What needs to be done: Would you please give all the lines below again, exactly as they stand?

Data shown:
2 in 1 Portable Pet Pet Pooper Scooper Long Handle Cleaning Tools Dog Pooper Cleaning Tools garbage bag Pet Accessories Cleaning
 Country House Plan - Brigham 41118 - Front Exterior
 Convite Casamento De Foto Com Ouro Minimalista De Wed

Exercise result:
2 in 1 Portable Pet Pet Pooper Scooper Long Handle Cleaning Tools Dog Pooper Cleaning Tools garbage bag Pet Accessories Cleaning
 Country House Plan - Brigham 41118 - Front Exterior
 Convite Casamento De Foto Com Ouro Minimalista De Wed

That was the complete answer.